My forge version is older 21.1.1
from stat.
For the example you gave you attached to "aa3-2035:312897" and I'm guessing you ran that from a login node or launch node. Are you able to ssh to aa3-2035 and launch the STAT GUI there? Once on aa3-2035, you should be able to just attach to the PID, 312897, in your case. Either way, I would then suggest trying to copy the exact ddt command line and all its args and run it on aa3-2035 as a sanity check. Sometimes there are multiple srun processes and you need to be sure to attach to the appropriate one. The forge version should be fine as they have supported this for many years now.
from stat.
sorry for the incorrect reference to this issue, I meant to post it to issue 44.
from stat.
I have launched the job with srun from the login node. In this case the top srun demon (job slurm demon) runs on the login node and ddt detects the correct srun process to connect. (well on my system ddt fails with the error I have described above).

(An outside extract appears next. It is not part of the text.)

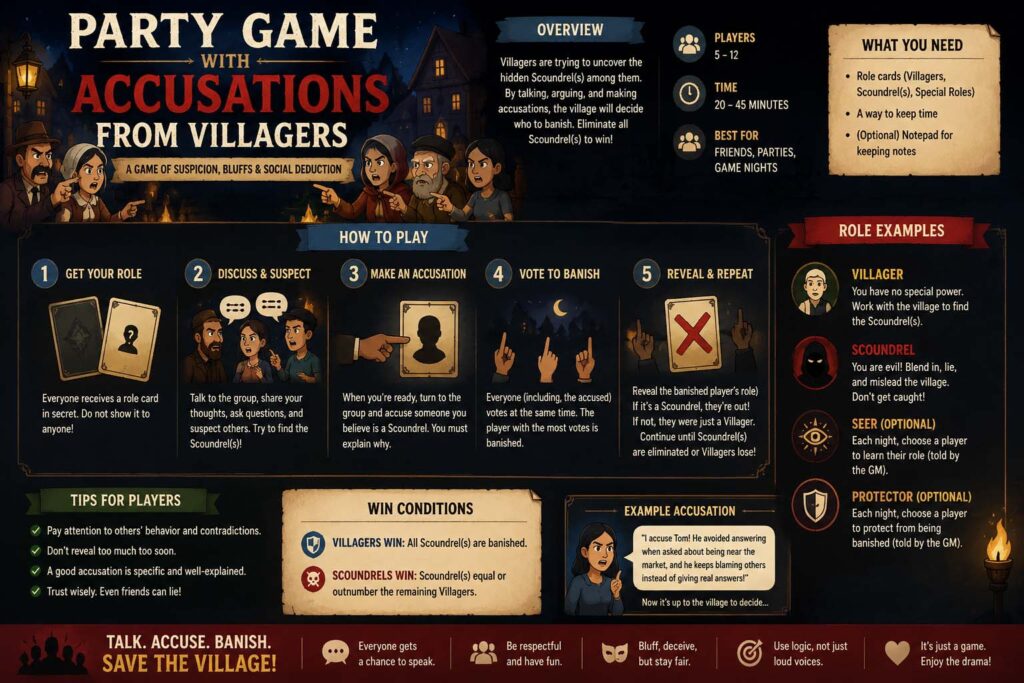 party game with accusations from villagers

When a job is submited with sbatch the job slurm deamon runs on the head node of the node allocation.
So, I think that stat makes the fork on the login node instead on the job head node and therefore it cannot find the job slurm demon.
from stat.
I see and this does not surprise me. The DDT attach-mpi option does not support the remote node case, where you are launching on a head node and pointing it to a compute node. I don't think there is an easy way for us to support this without requesting a new feature in DDT. Are you OK with only using this when you are on the compute node?
from stat.
ddt has a second way to attach via the option
--attach=[host1:]pid1,[host2:]pid2...
I have tried this from the login node and it works fine with a sbatch job.

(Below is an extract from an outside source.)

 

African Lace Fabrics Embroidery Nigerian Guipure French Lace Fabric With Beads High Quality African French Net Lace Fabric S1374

If STAT would have a class for a MPI rank that contains the node name and pid it would be easy to build the list from above.
It is not always practical to submit a job from the login node with srun. The batch scripts for the production runs are quite complex setting quite large sets of parameters before the parallel job starts.
from stat.
The hack from bellow in STATGUI.py allows to attach ddt on my system
#arg_list.append("--attach-mpi")
#arg_list.append(str(self.proctab.launcher_pid))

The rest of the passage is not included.